* [YOUR ASSIGNMENT]: Nothing but the lines from the one with "MACHINIST TOOL DREHBANK" through the end of the listing should be reproduced, each exactly and with pictures omitted.
PROVIDED MATERIAL Block Start
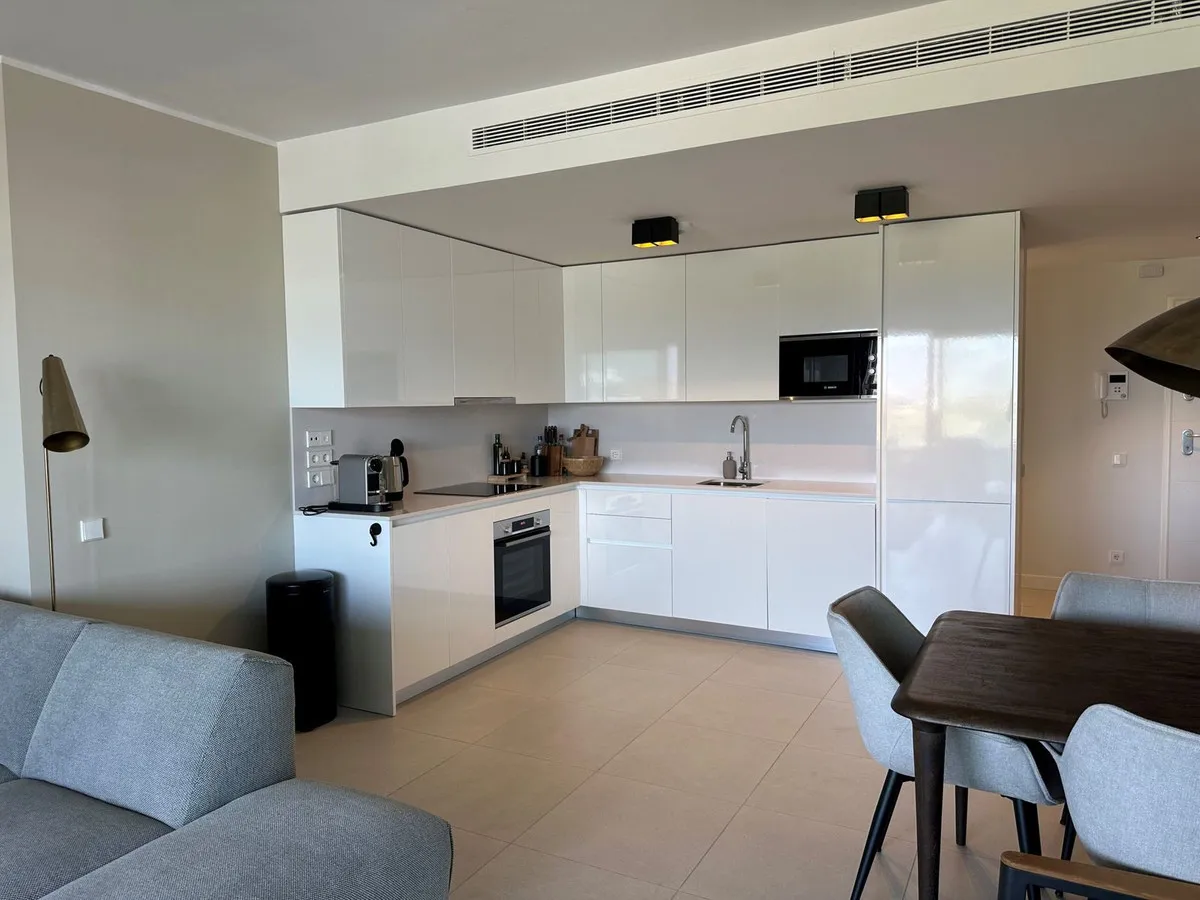 adeb51b7-1d78-4d6c-ab37-202bc209d03b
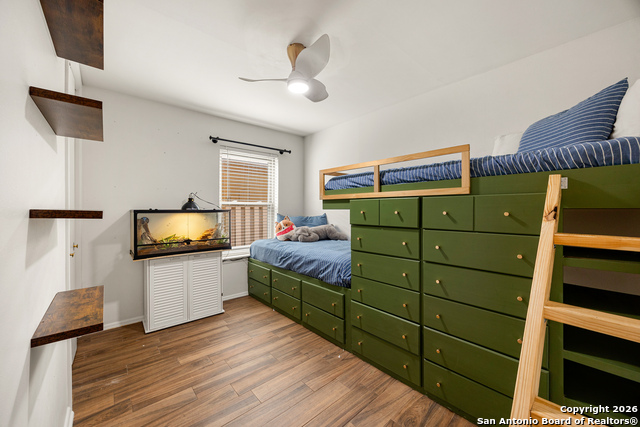 Image 24 of 53 For 2118 Lawndale Dr E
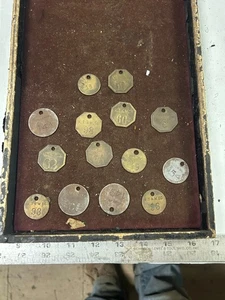 MACHINIST TOOL DREHBANK FRÄSE Lot of Antique Brass Machinist Number Tags Steampunk - Bild 1 von 3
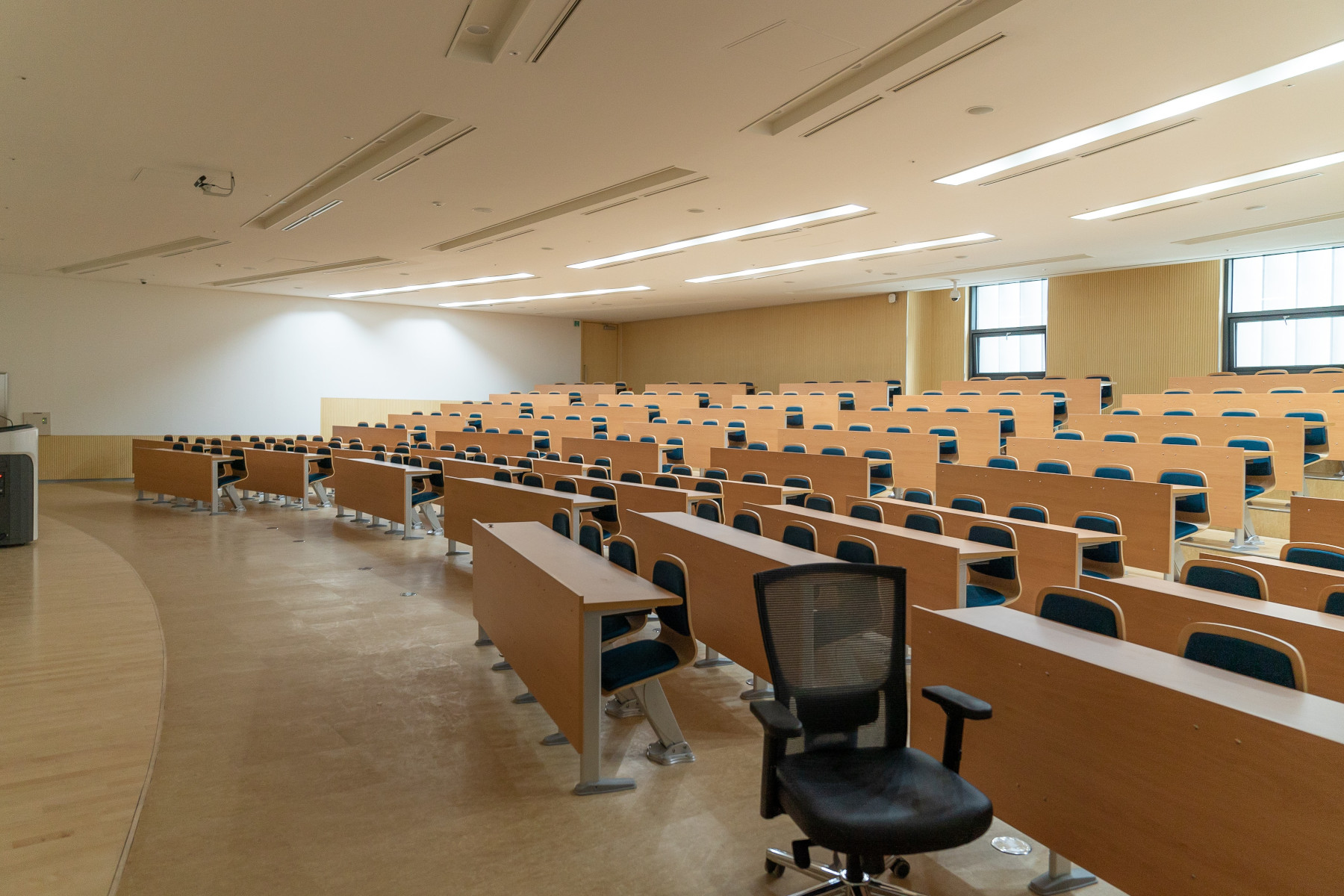 As Academic Jobs Shrink, Could Disillusioned Elites Turn to Extremism?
PROVIDED MATERIAL Block End
* [RESULT]:
 MACHINIST TOOL DREHBANK FRÄSE Lot of Antique Brass Machinist Number Tags Steampunk - Bild 1 von 3
 As Academic Jobs Shrink, Could Disillusioned Elites Turn to Extremism?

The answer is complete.